Detection of peaks in data

Marcos Duarte
Laboratory of Biomechanics and Motor Control](http://demotu.org/
Federal University of ABC, Brazil

One way to detect peaks (local maxima) or valleys (local minima) in data is to use the property that a peak (or valley) must be greater (or smaller) than its immediate neighbors. The function detect_peaks.py from Python module detecta detects peaks (or valleys) based on this feature and other characteristics. The function signature is:

ind = detect_peaks(x, mph=None, mpd=1, threshold=0, edge='rising', kpsh=False, valley=False, show=False, ax=None, title=True)

The parameters mph, mpd, and threshold follow the convention of the Matlab function findpeaks.m.
Let's see how to use detect_peaks.py; first let's import the necessary Python libraries and configure the environment:

Installation

pip install detecta

Or

conda install -c duartexyz detecta
In [1]:
import numpy as np
import matplotlib.pyplot as plt
%matplotlib inline

from detecta import detect_peaks

Running the function examples:

In [3]:
    >>> x = np.random.randn(100)
    >>> x[60:81] = np.nan
    >>> # detect all peaks and plot data
    >>> ind = detect_peaks(x, show=True)
    >>> print(ind)

    >>> x = np.sin(2*np.pi*5*np.linspace(0, 1, 200)) + np.random.randn(200)/5
    >>> # set minimum peak height = 0 and minimum peak distance = 20
    >>> detect_peaks(x, mph=0, mpd=20, show=True)

    >>> x = [0, 1, 0, 2, 0, 3, 0, 2, 0, 1, 0]
    >>> # set minimum peak distance = 2
    >>> detect_peaks(x, mpd=2, show=True)

    >>> x = np.sin(2*np.pi*5*np.linspace(0, 1, 200)) + np.random.randn(200)/5
    >>> # detection of valleys instead of peaks
    >>> detect_peaks(x, mph=-1.2, mpd=20, valley=True, show=True)

    >>> x = [0, 1, 1, 0, 1, 1, 0]
    >>> # detect both edges
    >>> detect_peaks(x, edge='both', show=True)

    >>> x = [-2, 1, -2, 2, 1, 1, 3, 0]
    >>> # set threshold = 2
    >>> detect_peaks(x, threshold = 2, show=True)
     
    >>> x = [-2, 1, -2, 2, 1, 1, 3, 0]
    >>> fig, axs = plt.subplots(ncols=2, nrows=1, figsize=(10, 4))
    >>> detect_peaks(x, show=True, ax=axs[0], threshold=0.5, title=False)
    >>> detect_peaks(x, show=True, ax=axs[1], threshold=1.5, title=False)
[ 6  9 11 13 17 19 21 23 26 30 33 35 37 40 42 45 47 51 54 57 83 86 89 91
 94 96]
Out[3]:
array([1, 6])

Function performance

The function detect_peaks.py is relatively fast but the parameter minimum peak distance (mpd) slows down the function if the data has several peaks (>1000).

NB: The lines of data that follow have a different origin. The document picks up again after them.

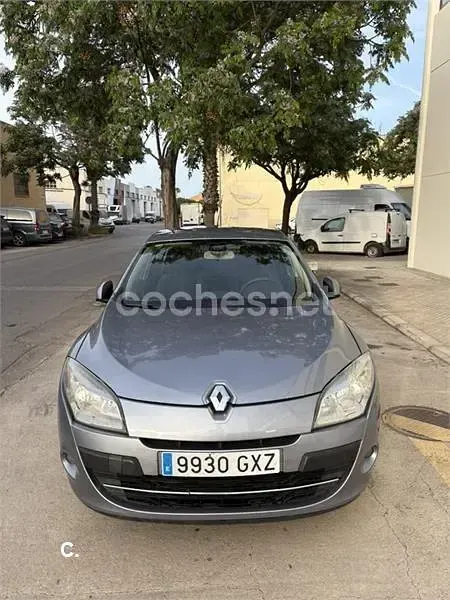 Usado Renault Mégane Dynamique 130 CV (95 kW) 2010 Gris / plata Berlina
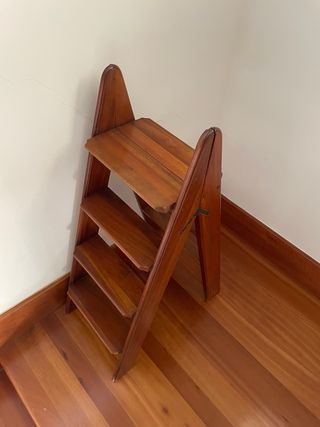 Escalera de madera para biblioteca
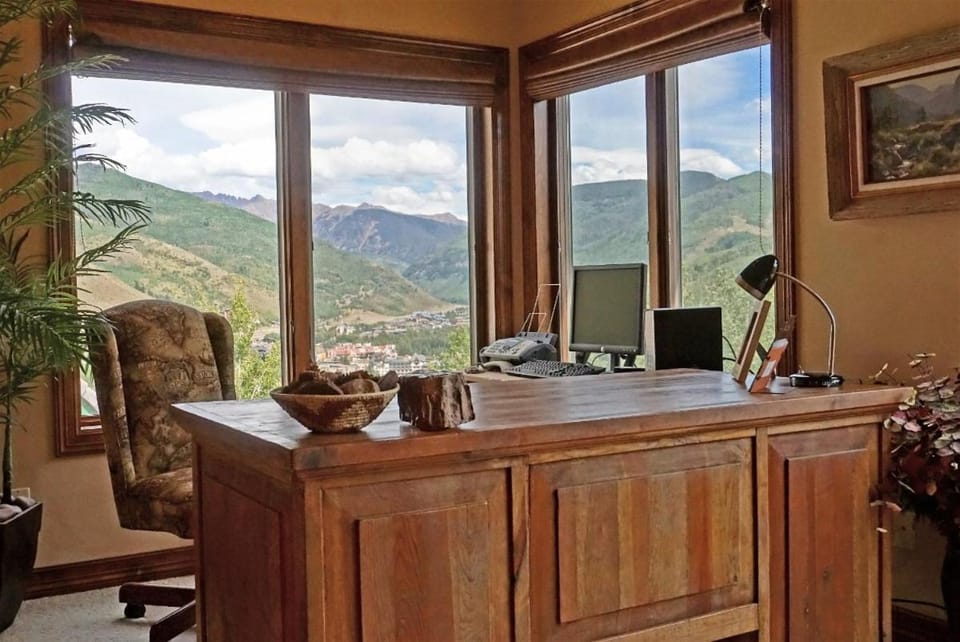 Private Elevator, Great Outdoor Space, Panoramic Views, Monthly Rentals Available House in Vail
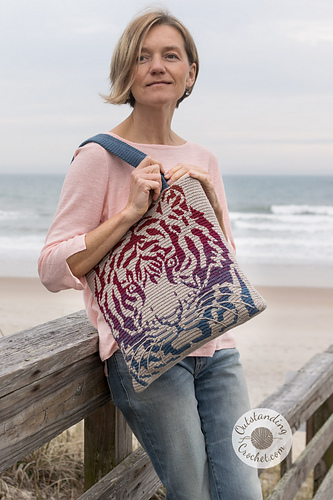 Ravelry: Tiger Mosaic Bag / Pillow pattern by Natalia Kononova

Try to decrease the number of peaks by tuning the other parameters or smooth the data before calling this function with several peaks in the data.
Here is a simple test of its performance:

In [4]:
x = np.random.randn(10000)
ind = detect_peaks(x)
print('Data with %d points and %d peaks\n' %(x.size, ind.size))
print('Performance (without the minimum peak distance parameter):')
print('detect_peaks(x)')
%timeit detect_peaks(x)
print('\nPerformance (using the minimum peak distance parameter):')
print('detect_peaks(x, mpd=10)')
%timeit detect_peaks(x, mpd=10)
Data with 10000 points and 3358 peaks

Performance (without the minimum peak distance parameter):
detect_peaks(x)
98.2 µs ± 1.95 µs per loop (mean ± std. dev. of 7 runs, 10000 loops each)

Performance (using the minimum peak distance parameter):
detect_peaks(x, mpd=10)
8.17 ms ± 105 µs per loop (mean ± std. dev. of 7 runs, 100 loops each)